By Zahra Tajbakhsh Mahjabeen Khan

Microbiologist Mahjabeen Khan first became interested in bacteria when she realised these unseen organisms caused so much illness in the world. Her interests led her to a degree in microbiology at Hazara University, Pakistan then a job in poultry research organization where she explored how the bacteria Pseudomonas aeruginosa caused disease in chickens and finally, a PhD in School of Optometry and Vision Science exploring the same bacteria P. aeruginosa which could also cause eye infections in humans. When not researching, Mahjabeen can be found taking photos of flowers or curled up with a good book.  



You are currently doing a PhD. What does your project focus on?

My PhD investigates how bacteria infect the human eye and how it can be treated. This is important as bacteria are the most common cause of eye infections in people who wear contact lens (and even those who don’t wear contact lens). By understanding these bacteria, we can ways to treat bacterial eye infections with current antibiotics.

What led you to choosing a career in science?

Results of some of Mahjabeen's experiments
Results of some of Mahjabeen’s experiments

I remember visiting a doctor as a child and being so impressed at how the doctor understood why a person had become sick and could diagnose disease and prescribe medicine. This influenced me a lot and led me towards an interest in microbiology. As I grew up, I realised that by choosing a career in research, I could start to answer questions still unknown in microbiology.

What is your favourite part of doing research?

The interpretation of my research results is definitely the most interesting thing for me as well as explaining research to others. I really enjoy trying to explain ‘what is what?’ and ‘how is how?’ It not only helps people understand research, but it helps me generate new ideas.

What are you up to when you are not doing  research?

I love to read. Yes, I know this is strange considering research involves a lot of reading but away from research, I love to read novels and poetry. I am also a keen photographer and I like to take photos of flowers wherever I go. I recently captured some amazing orchids photos  during a trip to Singapore.  I also like dress designing. Yes, I have a lot of hobbies!
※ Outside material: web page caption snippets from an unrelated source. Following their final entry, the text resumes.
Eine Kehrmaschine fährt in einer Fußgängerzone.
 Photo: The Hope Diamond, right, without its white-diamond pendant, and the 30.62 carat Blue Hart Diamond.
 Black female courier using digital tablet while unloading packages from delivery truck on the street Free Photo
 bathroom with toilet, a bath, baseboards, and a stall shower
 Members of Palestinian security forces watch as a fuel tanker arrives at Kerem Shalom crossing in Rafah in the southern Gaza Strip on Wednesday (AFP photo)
Some beautiful orchids I photographed whilst in Singapore
Some beautiful orchids I photographed whilst in Singapore


What are your plans after your PhD?

I would like to continue developing better treatment options for eye diseases caused by bacteria, potentially moving more towards  industry related research. I very much look forward to travel to other countries towards my journey of discovering best treatment options as a part of career.

What message would you like to spread to those who are interested in science and research?

I think many people feel science and research is complicated, rigid and boring. This is far from true! A career in science and research is an amazing opportunity to have the freedom to think outside the box and use these thoughts to contribute towards a better society. Not only that, scientific researchers themselves are diverse individuals and an amazing community to be part of. If you like capturing photos of flowers too, you will fit right in!